My question to Osprey owners is about the lid locks...does the helmet still fit into a pocket on the back of the bag and also get locked down? Like other similar branded bags, they have a pocket to hold the helmet, is this the case with the 10, 13, + Osprey bags? If it doesn't sit in a pocket locked down, does the lock keep it from bouncing around if its only locked in the middle of the helmet?


----------



## jake6123 (May 3, 2011)

Chris - I have the Raptor 10 and the pocket on the pack does not stretch nearly enough to fit a helmet. The elastic chord on the lid loc pulls the helmet tight enough to the pack that there should not be a problem with the helmet bouncing around. 

No complaints with the raptor packs. I was able to find a quick-release fitting for the drinking tube and can now remove the bladder from the pack with ease.


----------



## ChrisMc73 (Jun 6, 2011)

Jake, 

What do you mean you were "able to find a quick release fitting", is this something they sell or make that is extra and doesn't come with the pack? Or something you "jerry rigged" to help?


----------



## butryon (Aug 12, 2005)

I have a raptor and like it. I would warn you that if you are a "boney" person to becareful. I am very skinny and the back padding is not good. I have now worn a callus into my spine where this bag rides on my back, but my thicker friends do not seem to have this problem. I had previously used HAWGS but blew top straps off to much to re-purchase. All in all, I like the compartments of the osprey and still undecided on their bite valve, and need more pad on the back panel....it will hold a lot of $hit, as it should, raptor 14 model.


----------



## jake6123 (May 3, 2011)

I ordered a quick release fitting from McMaster-Carr.

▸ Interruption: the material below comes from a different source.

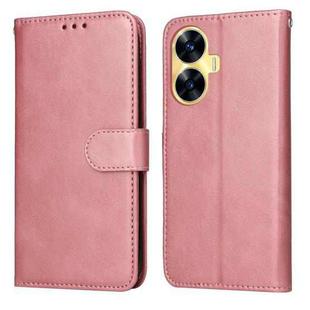 For Realme C55 Classic Calf Texture Flip Leather Phone Case(Rose Gold)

The Osprey tube has a 5/16" inside diameter.

part numbers . . .

5012K672 - barbed socket w/ valve for 5/16 inside diameter tubing - $6.67
5012K711 - barbed plug for 5/16 inside diameter tuning - $1.31

total came to about $13 with shipping.


----------



## Mingecutter (Jun 16, 2008)

Thanks for all of the great insight. And Jake6123, thanks for the heads up on the quick release fitting for the osprey/nalgene bladder...makes the osprey packs that much more compelling. Only thing with the raptor packs is they seem a bit "strappy" and not sure if they have any type of belt retention system in place. Also, the raptor doesn't come in black (hence my liking the charcoal viper pack), only silt/gray.

I've read where the vipers have a removable hip belt, which I like, but also a different, "simplified" back panel and harness system from the raptor line. Does anyone have more specifics on these last two differences?


----------



## ChrisMc73 (Jun 6, 2011)

Mingecutter said:


> Thanks for all of the great insight. And Jake6123, thanks for the heads up on the quick release fitting for the osprey/nalgene bladder...makes the osprey packs that much more compelling. Only thing with the raptor packs is they seem a bit "strappy" and not sure if they have any type of belt retention system in place. Also, the raptor doesn't come in black (hence my liking the charcoal viper pack), only silt/gray.
> 
> I've read where the vipers have a removable hip belt, which I like, but also a different, "simplified" back panel and harness system from the raptor line. Does anyone have more specifics on these last two differences?


I think the Viper is a one size for all, the M/L size, more specific for men, so they say.

I went ahead and purchased the Raptor 10, too many good reviews on all the sites about it to not go for it. It seems to be a nice staple around the MTB world. Not sure you can go wrong with the Raptor or Viper.

I'm not big on the fancy colors, so I was down to the Gray and Red. I picked Gray, it was $10 cheaper. And found some images on Google Images, and thought it looked nice.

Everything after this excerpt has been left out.